Business Times - 07 Feb 2009
SINGAPORE Airlines (SIA) will report a huge $2.1 billion hedging loss equivalent to a loss per share of $1.70, says a local analyst.
K Ajith of UOB-Kay Hian calculates that with jet fuel having slumped from US$119 a barrel in October 2008 to US$54 by year-end, SIA will suffer a hedging loss that will depress its book value from $12.25 a share to $10.55.
The estimate is based on SIA's mark-to-market accounting of its outlay on fuel, which UOB-Kay Hian estimates to be hedged at an average of about US$110 a barrel.
'At present, SIA is trading at 0.9 times P/B. And if it remains at 0.9 times with book value dropped, it should trade at a reduced target price of $9.70,' says UOB-Kay Hian.
SIA, which will report its third-quarter earnings on Feb 10, slid 32 cents to close at $10.74 yesterday.
The impact of the hedging loss is not new - SIA chief executive Chew Choon Seng said at the Q2 results briefing three months ago that fuel was hedged around $115 a barrel. But this is the first time an analyst has worked out the potential loss, albeit that this is a paper loss at present.
Some analysts, such as Vincent Ng of S&P Equity Research, warn against reading too much into paper losses on fuel hedging. 'Hedge accounting generally goes straight to the reserves in the balance sheet, rather than the profit-and-loss account,' he explained. 'Meanwhile, SIA also pays spot prices for half of its fuel needs.'
Also, SIA's hedge contracts go forward some 18 months from the contract date, by which time the actual fuel price could climb back closer to the hedged price.
Nevertheless, few have reason to be upbeat on SIA's immediate prospects - or those of the aviation sector as a whole.
The industry is in a tailspin thanks to the global economic slowdown and the financial meltdown. Passenger and cargo traffic have dived, and combined with excess capacity, this has put pressure on yields.

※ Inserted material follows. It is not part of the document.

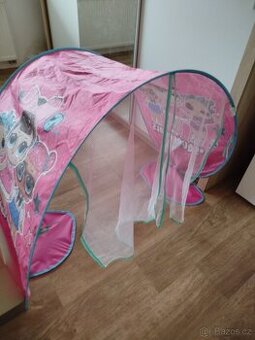 Nebesa nad postel pro holčičku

Analysts expect SIA to have suffered a 10-15 per cent drop in passenger yield in the October-December 2008 quarter due to falling premium seat sales and falls in the key Australian and British currencies against the Sing dollar. Meanwhile, air cargo operations have been racking up losses since the first half of the current financial year, prompting SIA to start grounding planes and to ask pilots to take no-pay leave.
SIA has cut capacity about 3 per cent system-wide over the past two months, including scrapping of several of its relatively recent all-business class non-stop services to New York and Los Angeles.
One of the more upbeat forecasts for SIA is from CIMB's Raymond Yap, who sees a Q3 net profit of $385.6 million, down 35 per cent year-on-year. But Mr Yap expects SIA to post a net profit of only $55.8 million for the January-March quarter, which is traditionally slow.
'If we are correct, SIA could achieve a full-year net profit of $1.253.8 billion, about 10 per cent higher than our official forecast of $1.137 billion, but down almost 40 per cent from a year ago,' he said in a paper yesterday.
UOB-Kay Hian's Mr Ajith expects operating profit to decline to $118 million in Q3 2009. He is forecasting an FY 2009 net profit of $915.3 million, below the consensus estimate of $1.1 billion.
Citigroup Global Markets is also downbeat on SIA and has a medium-term price target of $9. Besides the tough operating environment, contributions from subsidiaries and associates will be under pressure, Citigroup said.
'SIA would be earning an ROE well below its cost of capital, which suggests that its share price could trade below book value during this stage of the economic downturn,' Citi analyst Robert Kong noted this week. 'With earnings and price performance volatile, it is difficult to have a long-run fair value for an airline stock.'
Citi forecasts SIA's FY 2010 return on equity will fall to 6.7 per cent, from 9.6 per cent in FY 2009.
Going forward, the issue for SIA is how it manages capacity and costs amid deteriorating demand, analysts say.